Episodes were 15 minutes long and were extensions of the one-minute sketches. The series featured two other actors: regular I'm Sorry I Haven't a Clue panelist Jeremy Hardy, and Alison Steadman. Steadman played Mrs Naughtie the housekeeper, while Hardy played the local laird. The announcer was BBC newsreader Brian Perkins. The music for the series was arranged by Graeme's son Jon Garden and performed by a four-piece ceilidh band. The programmes were produced by Jon Naismith. Other actors have also featured in guest appearances, such as the 2004 Hogmanay special which featured guest appearances from I'm Sorry I Haven't a Clue chairman Humphrey Lyttelton, as the Laird's butler Lyttelton, Today programme presenter Jim Naughtie (as Mrs Naughtie's long-lost son), Sandi Toksvig (as Sandi Wedge, a very tall golf champion) and Tim Brooke-Taylor and Colin Sell (as themselves).

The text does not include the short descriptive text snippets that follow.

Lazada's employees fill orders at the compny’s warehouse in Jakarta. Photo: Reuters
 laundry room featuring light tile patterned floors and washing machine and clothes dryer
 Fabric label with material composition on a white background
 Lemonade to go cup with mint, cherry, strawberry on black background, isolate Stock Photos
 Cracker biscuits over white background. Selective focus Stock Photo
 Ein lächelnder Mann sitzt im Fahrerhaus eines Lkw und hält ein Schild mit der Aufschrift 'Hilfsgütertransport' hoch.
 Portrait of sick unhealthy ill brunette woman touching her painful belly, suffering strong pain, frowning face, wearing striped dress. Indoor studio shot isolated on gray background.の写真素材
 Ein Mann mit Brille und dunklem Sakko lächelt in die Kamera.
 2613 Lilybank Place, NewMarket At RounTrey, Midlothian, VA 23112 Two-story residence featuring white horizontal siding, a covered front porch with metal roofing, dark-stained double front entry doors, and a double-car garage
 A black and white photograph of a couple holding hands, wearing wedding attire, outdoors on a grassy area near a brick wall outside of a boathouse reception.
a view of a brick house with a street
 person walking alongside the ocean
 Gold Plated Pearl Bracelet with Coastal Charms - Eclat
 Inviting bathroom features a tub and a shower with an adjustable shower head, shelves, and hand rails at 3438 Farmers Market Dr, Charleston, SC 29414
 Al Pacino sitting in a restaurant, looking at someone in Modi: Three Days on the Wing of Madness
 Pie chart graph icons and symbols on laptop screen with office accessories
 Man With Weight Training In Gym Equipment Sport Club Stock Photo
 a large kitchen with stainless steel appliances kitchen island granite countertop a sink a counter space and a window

The show relied heavily on sexual innuendo, and Scottish stereotypes. Long-running jokes from the parent series were frequently referred to, such as the quality of Hardy's singing voice, which is occasionally excruciatingly demonstrated in the series, it is thought that Hardy's character The Laird's favorite band is Atomic Kitten having sung "Eternal Flame" In Series 1 Episode 1 - The Musical Evening and "The Tide Is High" in Series 1 Episode 4 - The Shooting Party.

Fictitious place-names used within the series include Ben Kingsley, Loch Krankie, and Glen Close.

A book of the complete scripts from all three series plus the Hogmanay and Burns Night specials was published in hardback by Preface Publishing on 28 August 2008 entitled The Doings of Hamish and Dougal: You'll Have Had Your Tea?. The book also includes comedy cooking recipes created by Garden and poems.

==Critical reception==
The series has been described as "reality-based comedy at its finest" by The Times, and as "basically The Beano with added smut" by The Independent. Gavin Docherty of the Daily Express said, after reading the book of scripts, "I laughed so hard my head nearly fell off".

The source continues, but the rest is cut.